- HIV predominantly infects T-helper cells, cells that are responsible for coordinating B- and T-cell activity. Based on this information, explain why HIV-infected individuals are at a very high risk for developing microbial infections. List the causative agent (virus) and discuss its properties. Name and briefly discuss 3 diseases that AIDS patients are more likely to contract.
(Terminology to use: opportunistic pathogens, T and B cell purposes, CD4 cells, retrovirus, reverse transcription)
- Now that we have studied the various types of vaccines, consider the current resurgence of diseases like the measles. How can we convince the general public and possibly even ourselves, that immunization is a necessary preventative measure for diseases that have serious complications? Is there a different schedule that we should consider? Are some forms of vaccines safer than others? Should we spread out the inoculation schedule to prevent confusion of a young person?

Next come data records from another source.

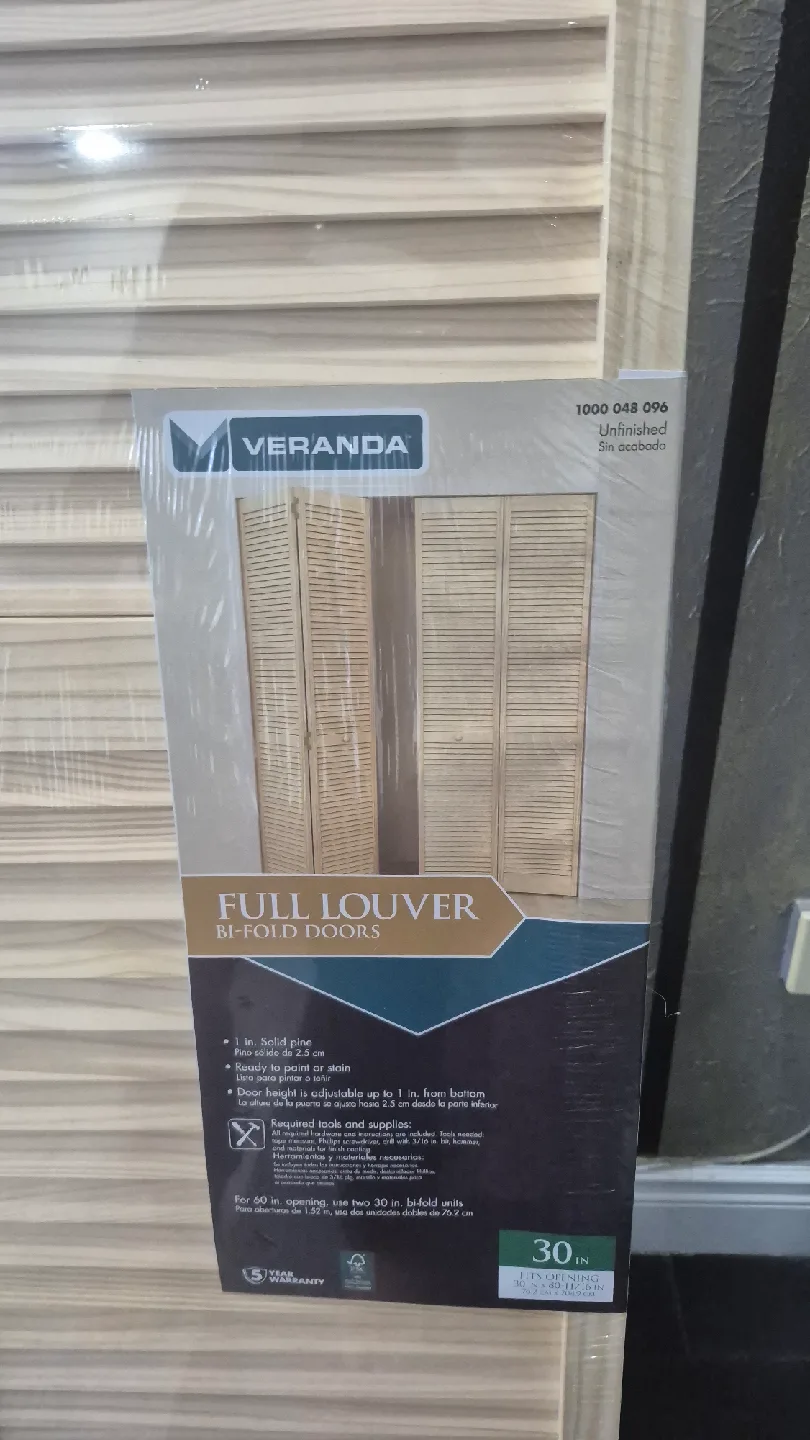 New Veranda Full Louver Bifold Doors - 30" image indicator(6)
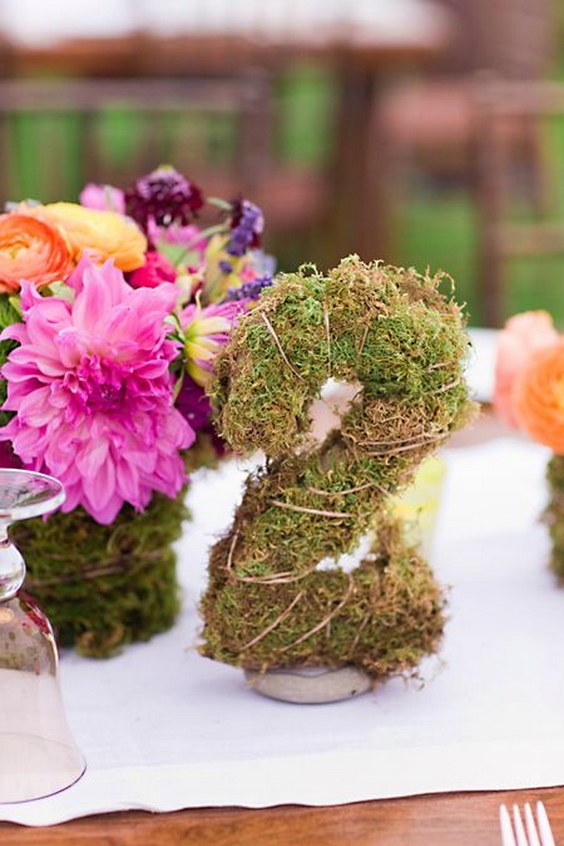 Moss covered wedding numbers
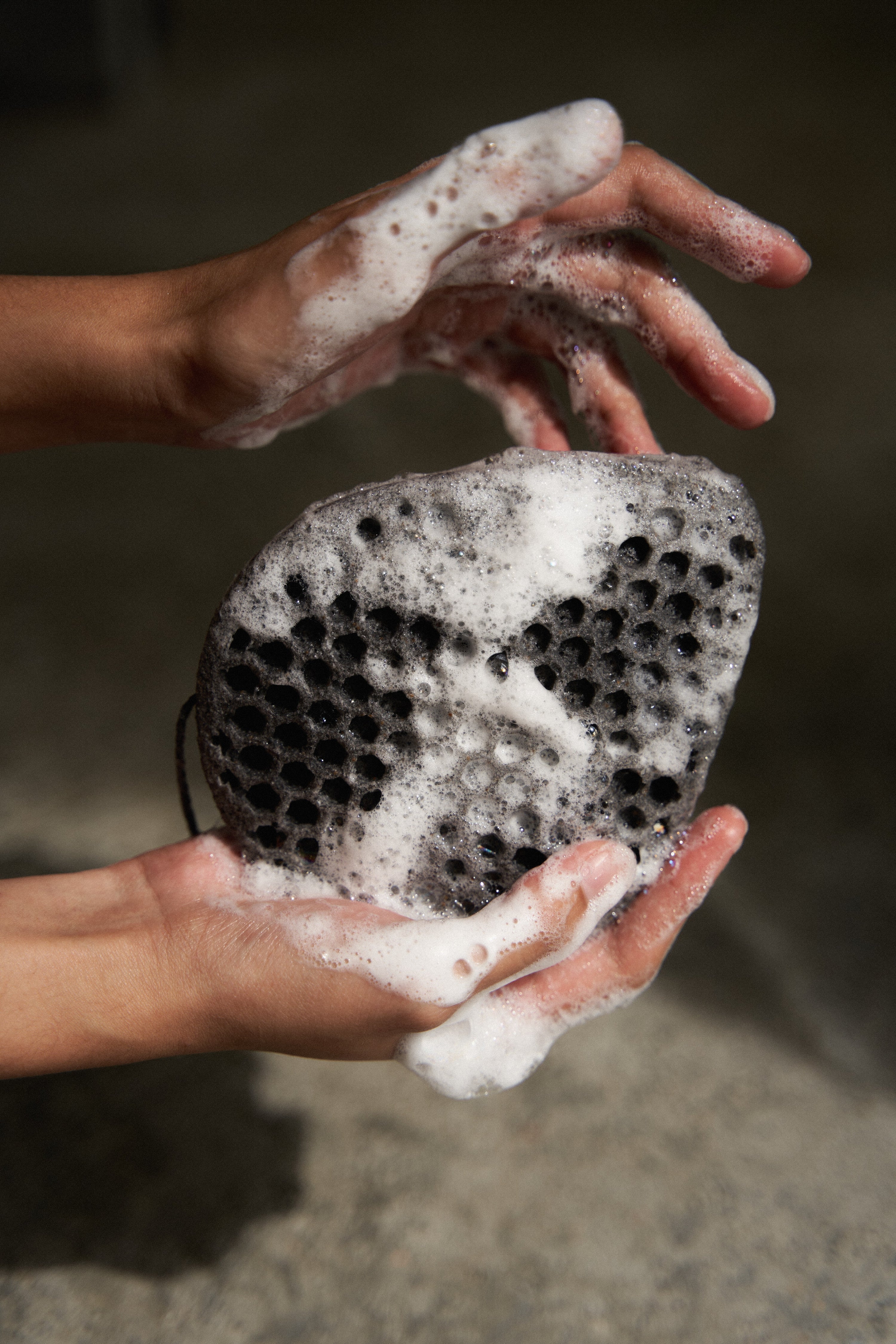 Konjac Shower Scrubber – Charcoal
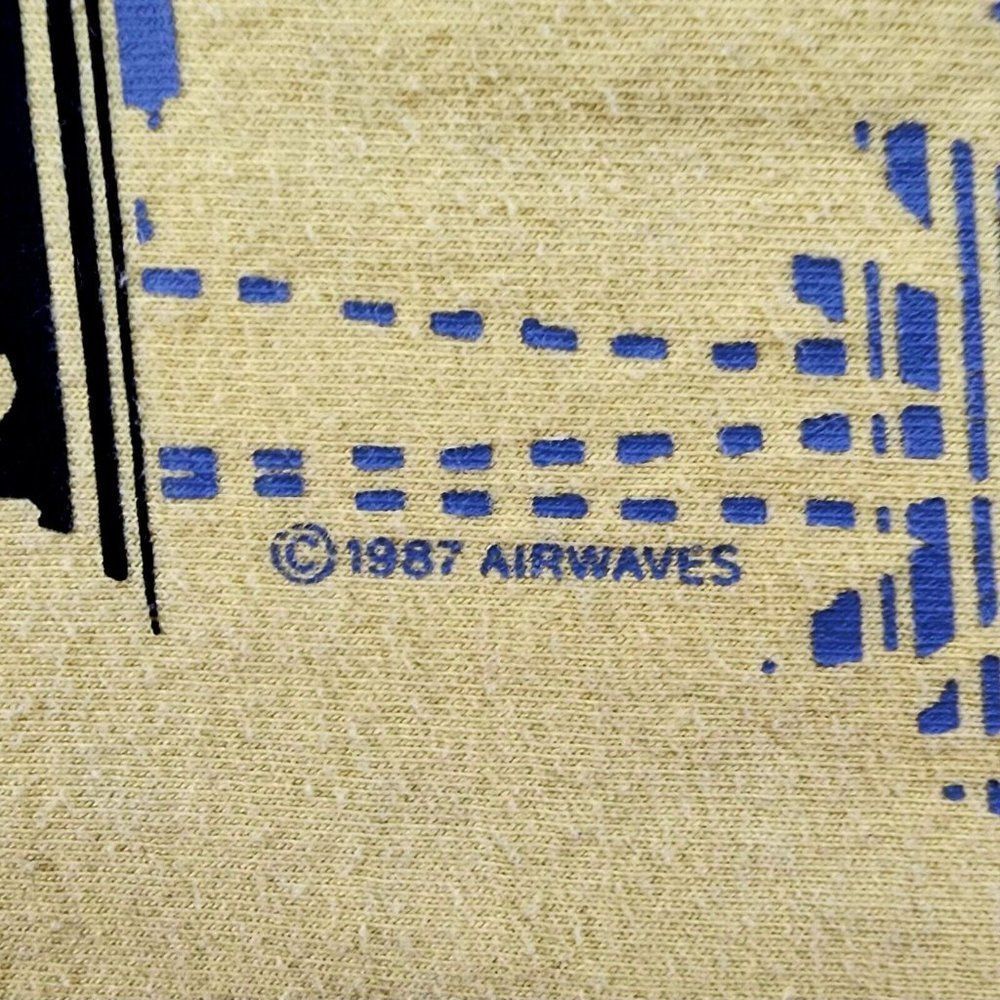 Air Waves Beach Sunset 1987 Single Stitch USA Shirt Yellow Vintage Men Size XL - Picture 3 of 6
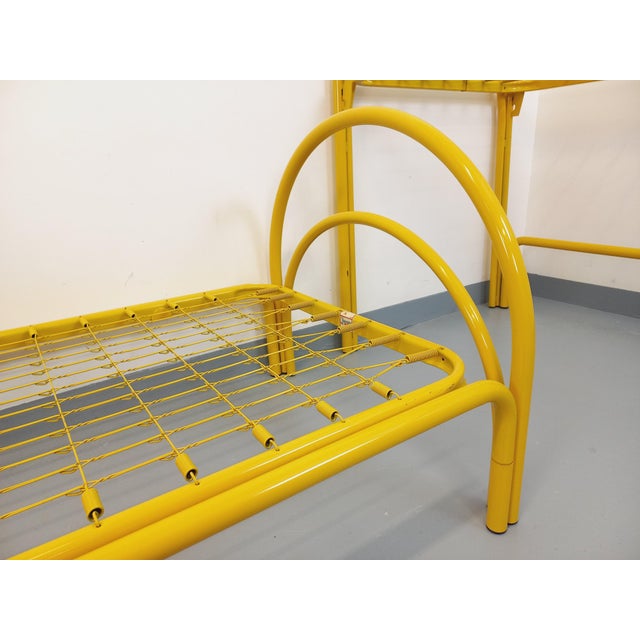 Metal Vintage Italian Bunk Beds in Yellow Metal from Maretto Marflex, 1970s, Set of 2 For Sale - Image 7 of 18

(Include terms such as live attenuated, killed or inactive, subunit, toxoid, conjugate, complications of measles, risks to others if uninoculated, risks to individuals that do get inoculated). You are encouraged to use your text and outside sources to develop your informed answer. Use facts and concepts.
- Construct a paragraph or two describing the interrelationship among a bacterial pathogen, the affected host, and potential antimicrobial drugs in the development of an appropriate antimicrobial treatment. Pick a pathogen, suggest tests that should be performed on that pathogen to determine the specific drugs and give reasons why they would be appropriate.
(Terminology to incorporate: narrow-spectrum, broad-spectrum, MIC, Kirby-Bauer, therapeutic index, selective toxicity, drug mechanism)
- Conduct additional research on the use of triclosan and other chemical agents in antimicrobial products today. Develop an opinion on whether this process should continue, providing evidence to support your stance.